MUFFLER SMOKE, Michigan – (Satire News) – A retired FedEx driver says that he's going to have to seek professional help due to the fact that he is cheating on Alexa with Siri.
Dennis Schnozzle, 81, says that, since recently retiring after a 30-year career in which he drove over 7 million miles, he has become astoundingly bored.
He said he has a leg condition, where his knees suddenly swell up to the size of bowling balls, and, as a result, he cannot leave the house.
Dennis says that, last October, he bought the Amazon Alexa intelligent personal assistant.
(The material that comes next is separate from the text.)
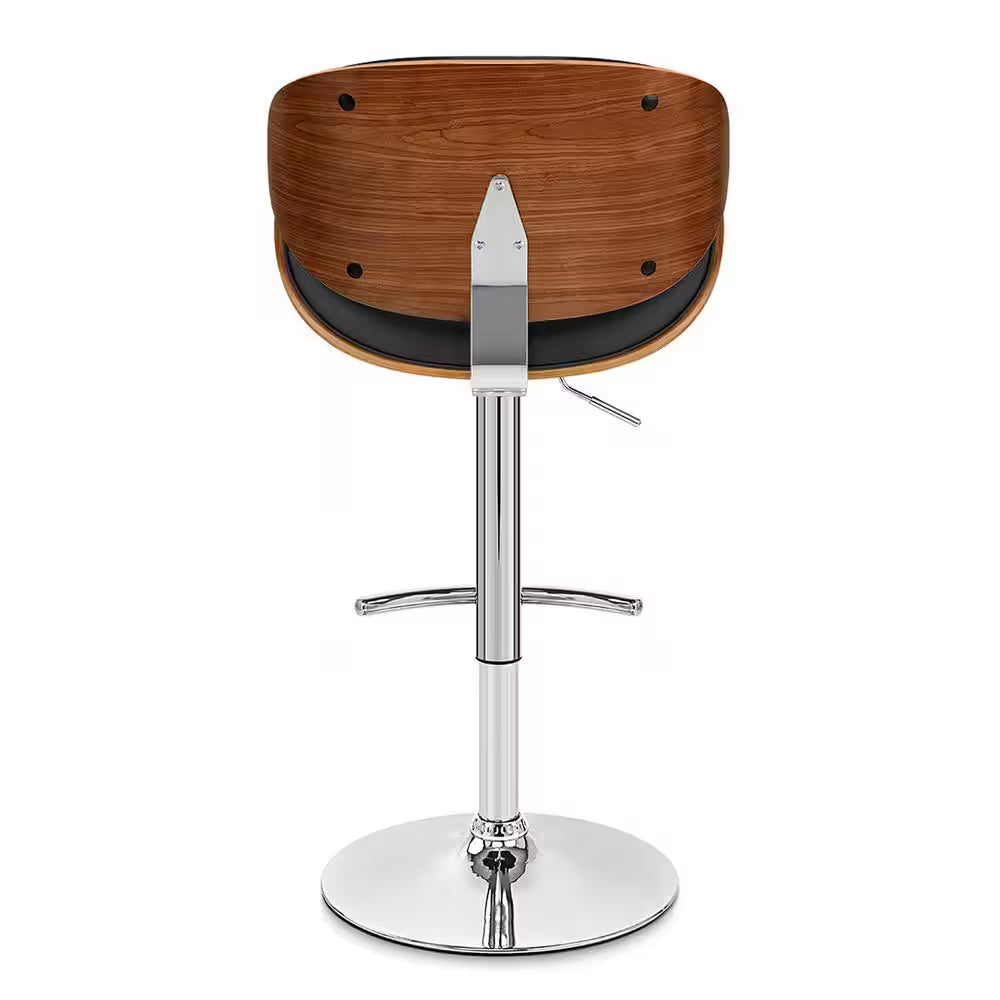 Naples Bar Stool in Chrome with Black Pu Upholstery and Walnut Veneer Back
At first, he just used her to play 1950’s songs by the Everly Brothers, Fats Domino, Chubby Checker, Little Richard, and Big Richard.
Then, for the sheer heck of it, he began asking her what the temperature was in far off places like Oslo, Norway and Lima, Peru.
Well, one thing led to another, and, before long, he found himself carrying on a one-sided affair with Alexa, that eventually progressed to the 3rd base fantasy stage.
Then, one day when Alexa was having an overhaul, and was out of commission, he began conversing with Siri.
He found Siri’s voice to be very feminine and very sultry, and so he began carrying on a fantasy affair with her.
So Dennis is now very confused, because he told his mother, Maxine, who is 98, that he feels guilty for cheating on Alexa with Siri.
His mom told him that he needs to get off the vodka, quit using the recreational drugs, and go to Amazon.com, and buy himself one of those gorgeously sexy, lifelike Japanese robot dolls.